# [Exercise]
Set down the data again word for word. Skip any pictures.

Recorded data
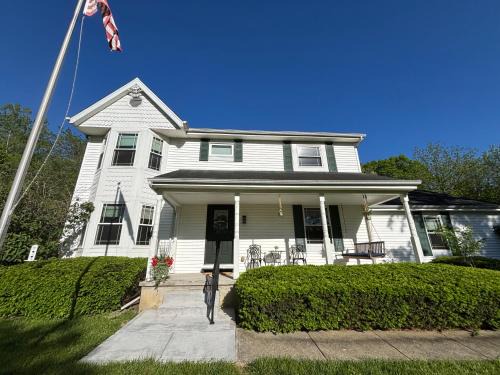 Union House | Bluegrass Resort-On 10 acres, Hiking, Amazing nature, Firepit, Grill, Creation & ARK, Fully equipped kitchen, Pet friendly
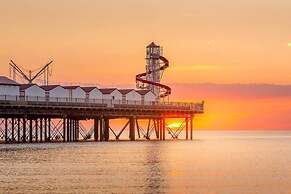 Elegant 2 Bed Georgian Apartment in Herne Bay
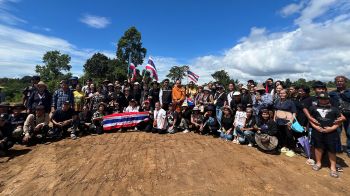 กลุ่มคนไทยรักชาตินับ 100คนแห่เดินทาง ให้กำลังใจนาวิกโยธินตราด ที่บ้าน 3หลัง
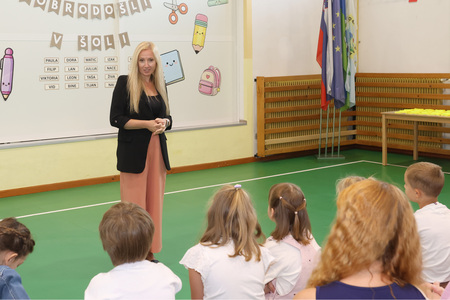 PRVI ŠOLSKI DAN BEGUNJE 11 FOTO LJUBO VUKELIČ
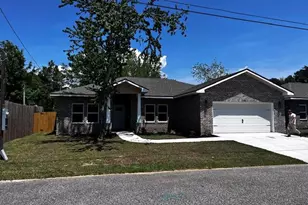 204 Starfish Rd, Mary Esther, FL 32569 - Photo 1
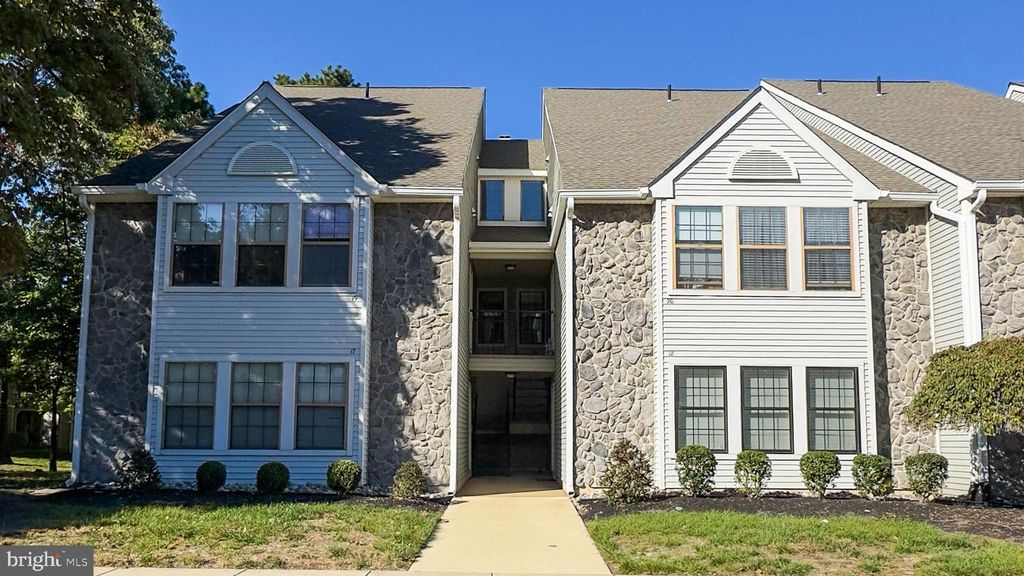 19 SUMMIT CT, Marlton, NJ 08053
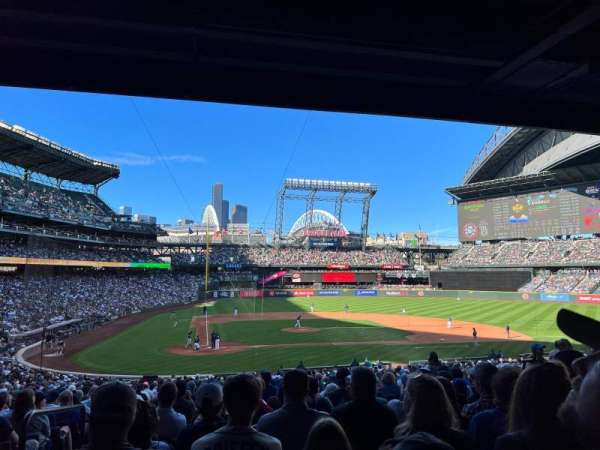 T-Mobile Park, section: 125, row: 38, seat: 12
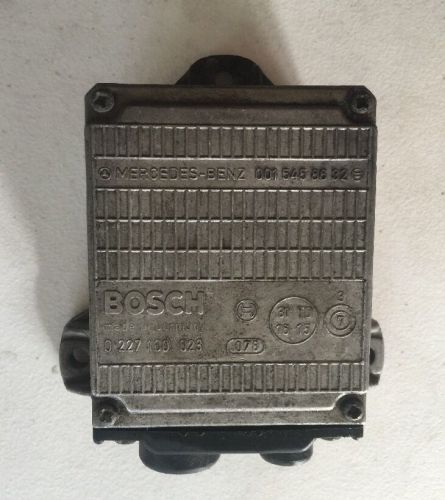 76-85 mercedes benz w123  230e  ignition ecu control unit 00679660 0015458632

# [Your solution]
 Union House | Bluegrass Resort-On 10 acres, Hiking, Amazing nature, Firepit, Grill, Creation & ARK, Fully equipped kitchen, Pet friendly
 Elegant 2 Bed Georgian Apartment in Herne Bay
 กลุ่มคนไทยรักชาตินับ 100คนแห่เดินทาง ให้กำลังใจนาวิกโยธินตราด ที่บ้าน 3หลัง
 PRVI ŠOLSKI DAN BEGUNJE 11 FOTO LJUBO VUKELIČ
 204 Starfish Rd, Mary Esther, FL 32569 - Photo 1
 19 SUMMIT CT, Marlton, NJ 08053
 T-Mobile Park, section: 125, row: 38, seat: 12
 76-85 mercedes benz w123  230e  ignition ecu control unit 00679660 0015458632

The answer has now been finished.